The 2016 census mentions that there are 73,000 Tamils in Australia, with 40 per cent of these from Sri Lanka and 35 per cent from India. The remainder come from various countries namely Malaysia, Singapore, Canada, USA, South Africa, Fiji and Mauritius. The census also recorded 0.23 per cent of the population claiming to speak Tamil at home. Not surprisingly, the Tamil language is an approved subject for the Year 12 examination.
In 2011, some Tamil Catholics in Adelaide came together to look into the feasibility of starting a monthly Tamil Mass. This inspiration grew out of the desire to serve the growing number of Tamil-speaking Catholic families and the availability and readiness of Tamil-speaking religious sisters and priests to support and commit to it.
The Adelaide Tamil Catholic Community (ATCC) was formed in late 2011, with the blessings of then Archbishop Philip Wilson. The inaugural Mass was celebrated by Fr Anthoni Adimai in The Annunciation Church, Hectorville, on November 13 2011.

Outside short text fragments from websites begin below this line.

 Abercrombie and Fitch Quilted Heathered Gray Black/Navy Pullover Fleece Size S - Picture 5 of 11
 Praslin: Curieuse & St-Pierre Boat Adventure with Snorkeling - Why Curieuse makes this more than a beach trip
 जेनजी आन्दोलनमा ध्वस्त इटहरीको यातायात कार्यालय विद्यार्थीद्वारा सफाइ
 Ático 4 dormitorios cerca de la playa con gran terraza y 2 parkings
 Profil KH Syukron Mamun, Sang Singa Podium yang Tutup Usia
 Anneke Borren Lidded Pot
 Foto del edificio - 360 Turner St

The main mission of the ATCC is to provide spiritual support and inspiration to the Tamil-speaking parishioners. However, irrespective of their country of origin and nationality, everyone is welcome to participate in the Mass and other celebrations.

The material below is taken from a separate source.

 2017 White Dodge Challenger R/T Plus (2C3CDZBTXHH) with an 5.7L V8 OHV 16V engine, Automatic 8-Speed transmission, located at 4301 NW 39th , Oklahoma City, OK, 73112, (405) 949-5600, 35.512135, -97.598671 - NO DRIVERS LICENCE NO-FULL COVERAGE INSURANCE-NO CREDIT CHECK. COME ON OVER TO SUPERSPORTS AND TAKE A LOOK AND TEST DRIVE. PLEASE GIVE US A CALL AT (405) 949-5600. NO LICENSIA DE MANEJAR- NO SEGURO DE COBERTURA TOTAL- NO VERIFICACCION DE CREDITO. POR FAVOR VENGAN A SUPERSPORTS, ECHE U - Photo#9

The ATCC started with four families and has since grown to a dozen. The founding members formed a choir to lead in the worship and make music to praise the Lord. Over the years more singers and instrumentalists have joined the choir. Some of the spiritual activities and celebrations include monthly Mass on the second Sunday at 3pm in The Annunciation Church. This Mass is preceded by confession and adoration. During the Mass individual and family intentions are mentioned in the prayer of the faithful.
After Mass everyone is welcome to share in light refreshments, where birthdays or special events such as baptism are celebrated in the church hall.
During Lent, the Stations of the Cross in Tamil precedes the Mass. The Easter and Christmas Mass in particular is celebrated in grandeur by sharing a meal and exchanging gifts after Mass.
The community celebrates the Blessed Mother’s birthday and/or Our Lady of Valankkani feast. In 2015, a well wisher donated a statue of our Lady of Valankkani and subsequently a chariot was made to carry Our Lady of Good Health. In that year, a small procession was organised on Our Lady’s feast day.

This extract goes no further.